* WHAT YOU ARE ASKED TO DO: Before printing the listing, strip out its pictures and keep everything else exact.

* INFORMATION PROVIDED:
....
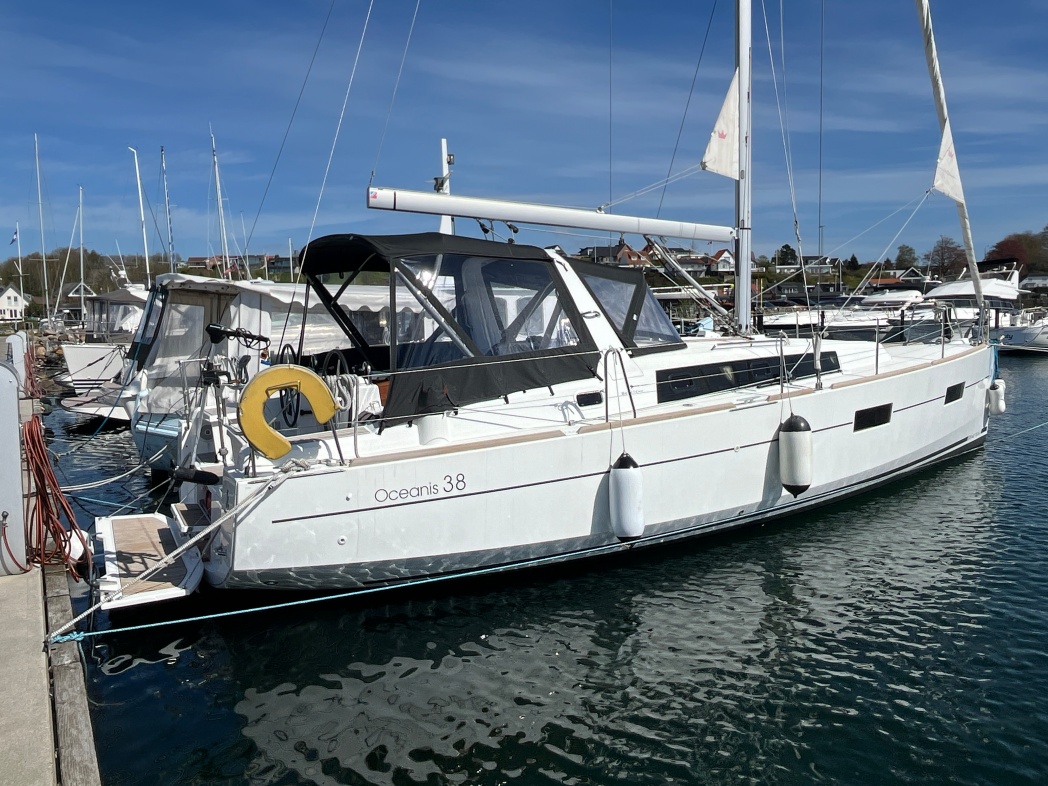 Beneteau Oceanis 38 for sale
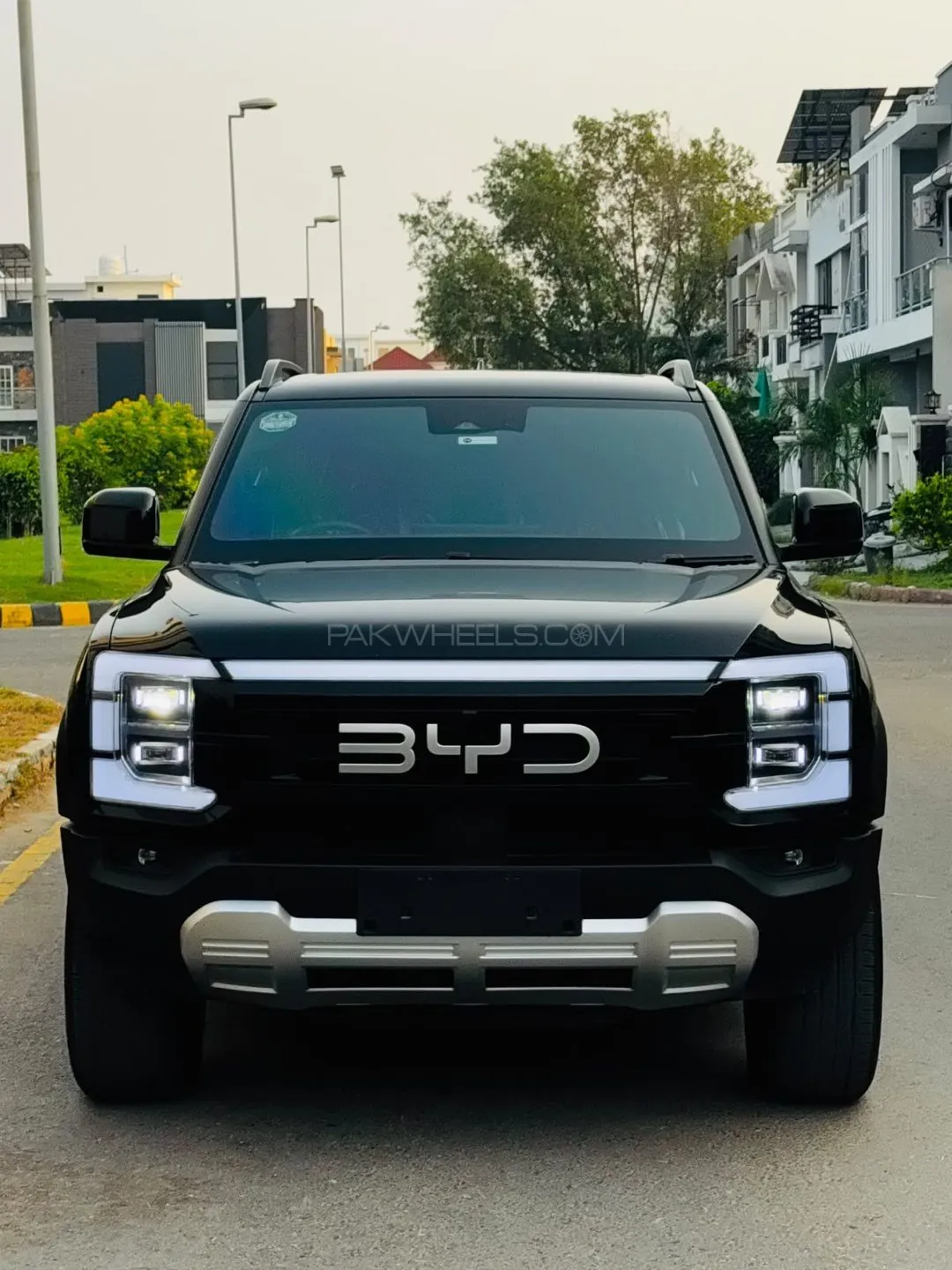 BYD Shark 6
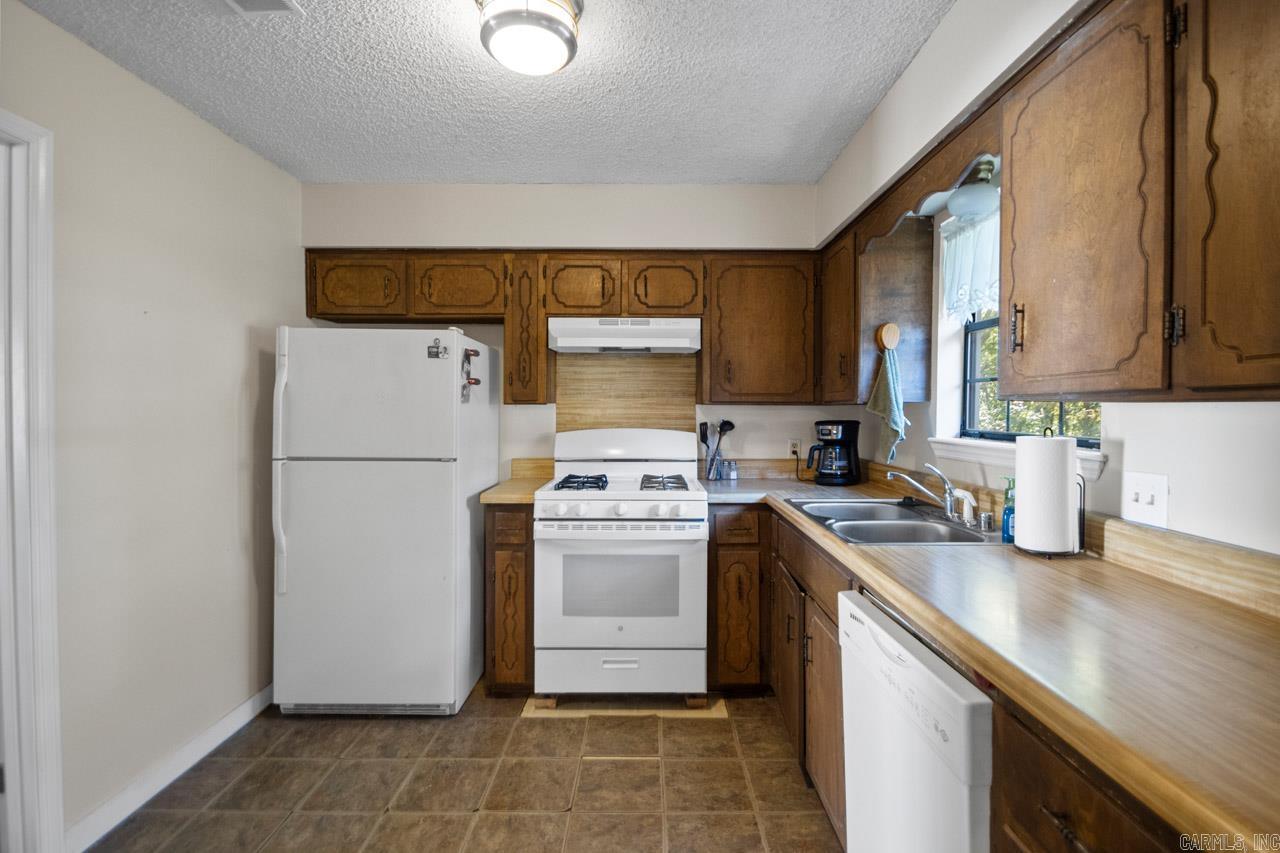 MISTY MEADOWS - Residential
....
* PROBLEM SOLUTION:
 Beneteau Oceanis 38 for sale
 BYD Shark 6
 MISTY MEADOWS - Residential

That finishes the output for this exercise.